** Opening Available data block **

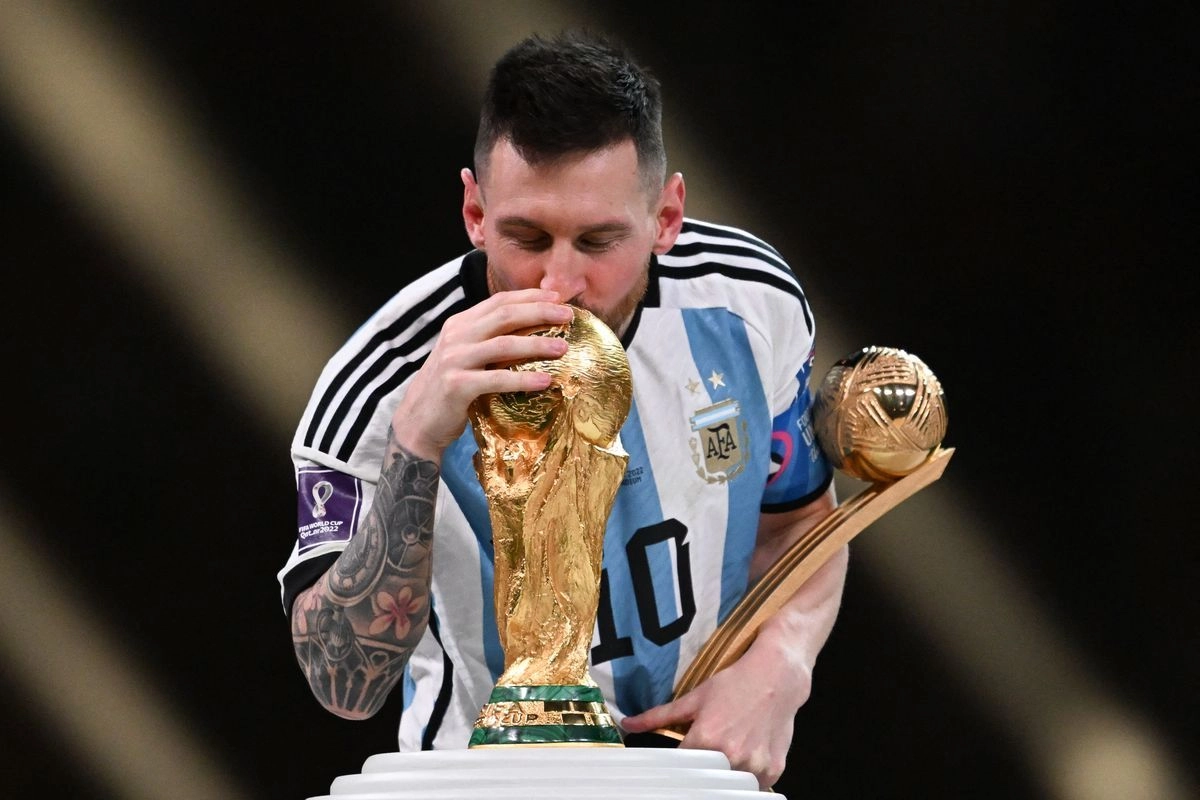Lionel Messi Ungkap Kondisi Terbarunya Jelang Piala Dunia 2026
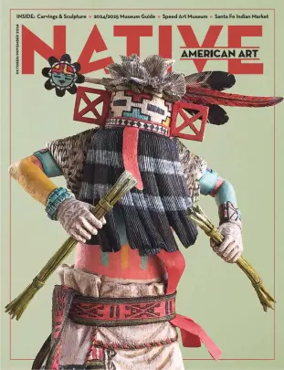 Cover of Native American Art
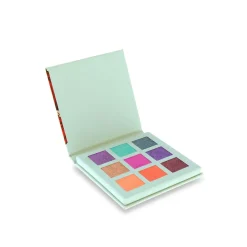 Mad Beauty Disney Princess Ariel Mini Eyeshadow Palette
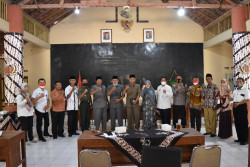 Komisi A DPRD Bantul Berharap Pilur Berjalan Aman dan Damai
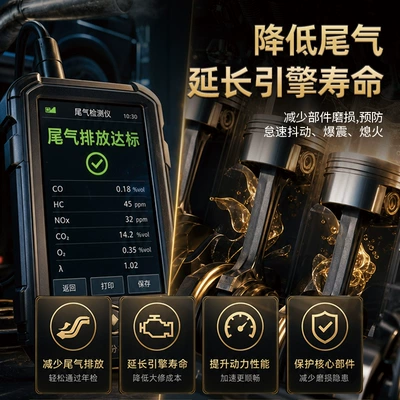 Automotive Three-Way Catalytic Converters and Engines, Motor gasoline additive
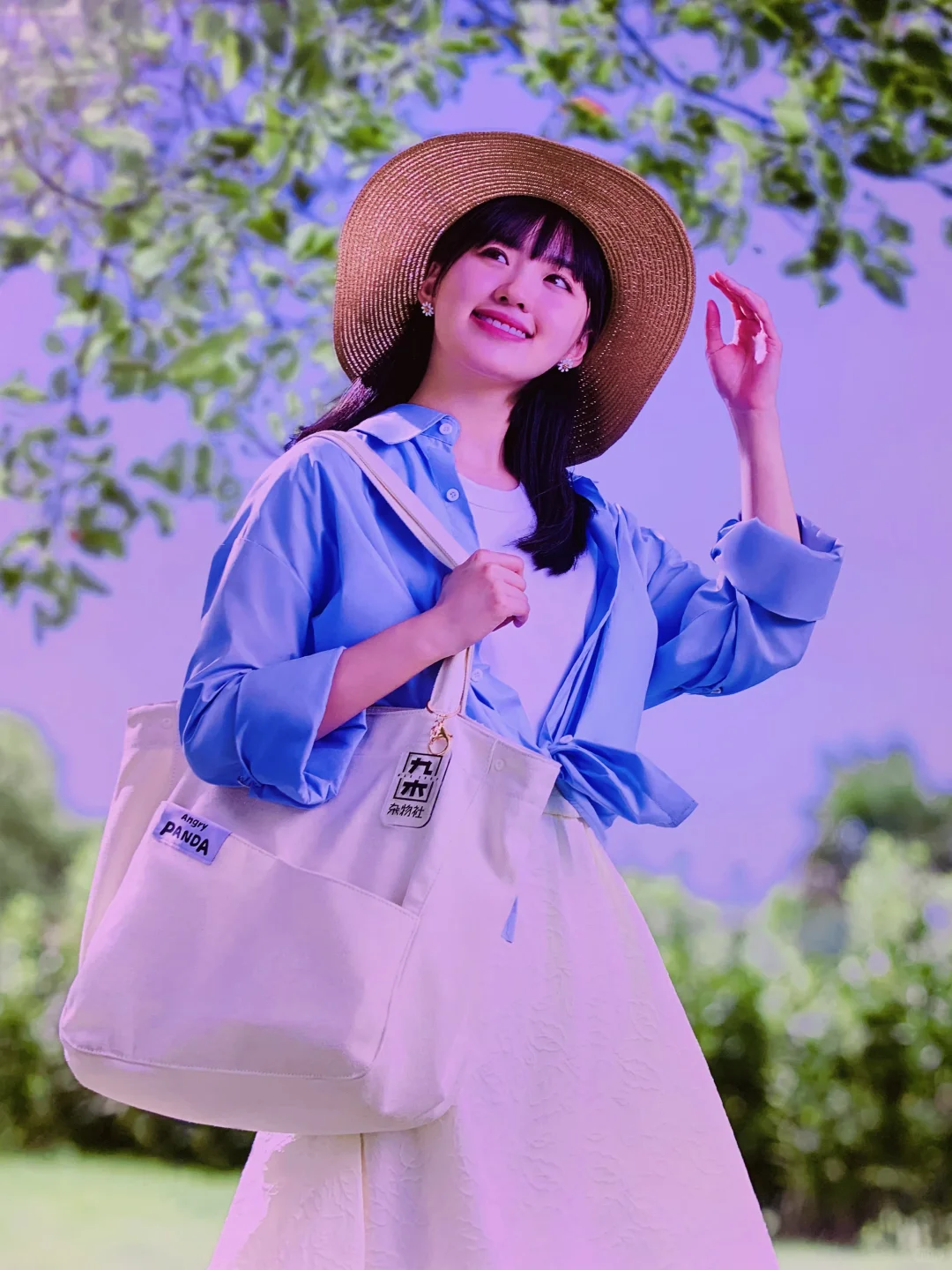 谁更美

** Closing Available data block **
** Opening Available data block **

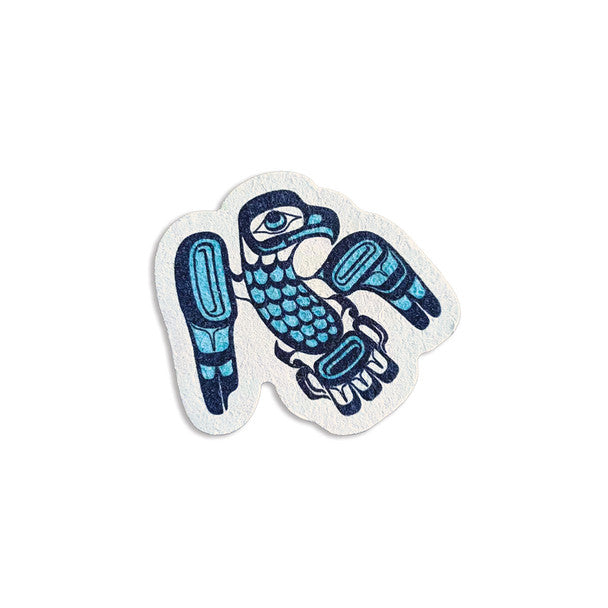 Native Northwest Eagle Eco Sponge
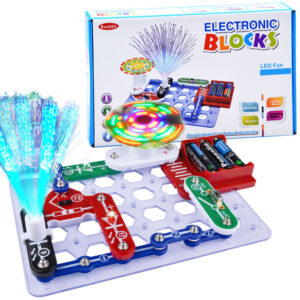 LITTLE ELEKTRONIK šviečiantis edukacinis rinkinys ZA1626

** Closing Available data block **

## What needs to be done
A word-for-word reproduction is needed of the lines above from the line containing "Native Northwest Eagle Eco Sponge" through the line containing "LITTLE ELEKTRONIK šviečiantis", with both ends kept and no pictures.

## Exercise output
 Native Northwest Eagle Eco Sponge
 LITTLE ELEKTRONIK šviečiantis edukacinis rinkinys ZA1626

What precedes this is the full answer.